Dans l’intention de prolonger les célébrations du mariage – et de presser le citron jusqu’au bout, avait dit Peter –, la Hanse s’apprêtait à lancer un « jubilé nuptial » d’ici à quelques jours. Autant de festivités destinées à étourdir les masses, dans l’intention de leur faire oublier la crise.
D’après le scénario, Peter et Estarra se promèneraient à bord d’un luxueux bateau le long du Canal royal afin que le peuple puisse les acclamer. Une première occasion d’exhiber les souverains et de dissiper tout doute quant à la capacité d’Estarra d’assumer le rôle de reine.
Une manifestation qui paraissait vide de sens à celle-ci, après la mort de Beneto, la destruction de Corvus et celle de la flotte sur Osquivel. La Hanse exhibait une gaieté de façade.

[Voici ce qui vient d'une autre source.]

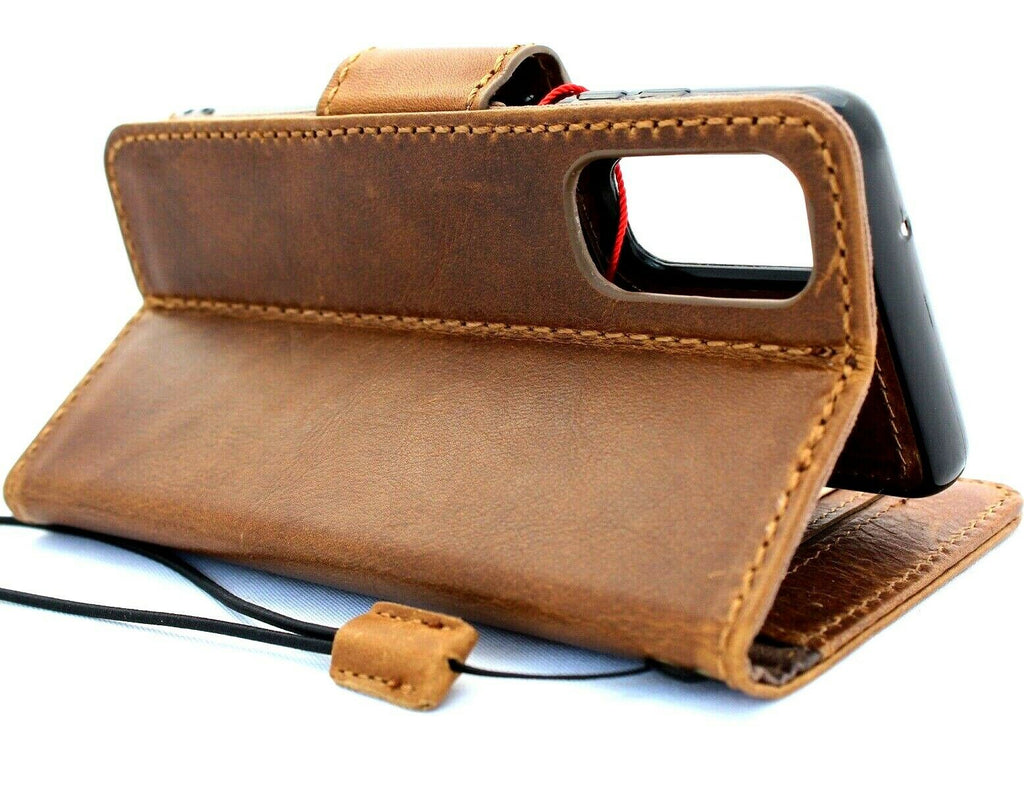 DavisCase genuine full leather wallet case for Samsung Galaxy S20, soft tan with removable slots and rubber holder, wireless charging compatible.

Sarein surgit à l’improviste. Elle avait le teint hâve et les yeux cernés, comme si elle avait mal dormi. Ses vêtements à la mode hanséatique ainsi que son maquillage étaient négligés, ce qui ne lui ressemblait guère.
— Basil ne sait pas que je suis ici, petite sœur, dit-elle, avec dans la voix une tension qu’Estarra ne lui avait jamais connue.
— Qu’est-ce que cela peut me faire, que le président sache ou non où tu te trouves ? Tu es l’ambassadrice de Theroc.
— Peter est allé trop loin, insista Sarein. Dangereusement loin. S’il croit être indispensable…
— Bien sûr que Peter est indispensable. C’est le roi.
Sarein fronça impatiemment les sourcils.
— Ne sois pas naïve, ma petite. Tu devrais en savoir plus, aujourd’hui. Le président prévoit toujours des options de rechange en cas de problème. Je viens juste d’apprendre à quel point le danger est grand… (Elle chercha ses mots, avant d’exploser :) Tu dois parler à Peter ! As-tu de bonnes relations avec lui ?
Estarra opina, embarrassée.
— Oui… en effet. C’est mon mari, et il est honnête.
Sarein lui empoigna le bras. Cela lui ressemblait si peu que sa sœur s’inquiéta.
— Je t’en supplie, dis-lui de coopérer. Tu pourrais sauver la situation avant que Basil commette l’irréparable. Exhorte Peter à manifester davantage d’esprit d’équipe. Son avenir, ton avenir, et le destin de la Hanse reposent là-dessus. (Elle s’approcha tout près.) Je ne veux pas te voir souffrir. Crois-le ou non, je me fais vraiment du souci pour toi. Toutes les deux, nous venons de perdre Beneto…
Estarra se rendit brusquement compte de la raison de son animosité envers sa sœur.
— Depuis la mort de Beneto, tu n’es pas venue me voir une seule fois. Ce jour entre tous, ne devions-nous pas nous soutenir l’une l’autre, comme des sœurs ? Mais je suppose que tu étais trop… occupée.
Sarein se raidit.
— Beneto était aussi mon frère. Ce n’est pas à toi de me dire comment porter mon deuil. (Elle s’écarta d’un pas hésitant et soutint le regard de la reine.) Je ne veux pas avoir à pleurer d’autres morts. Fais attention. Dis à Peter de changer d’attitude, et nous surmonterons tout cela.
Troublée, Estarra contempla de nouveau la place baignée de soleil envahie par la foule habituelle des touristes, ainsi que quelques robots klikiss qui se dressaient telles des sentinelles. Des zeppelins volaient dans le ciel. Des groupes en visite guidée parcouraient un labyrinthe de jardins moussus. La jeune femme aurait voulu retrouver Theroc, avec ses arbres, sa famille, sa liberté.
— Dans quel camp es-tu, Sarein ?
La colère fit flamboyer les yeux de sa sœur.
— Ce n’est pas une question de camp. Chacun a un travail à accomplir, et tous nous avons le même ennemi. N’est-ce pas ?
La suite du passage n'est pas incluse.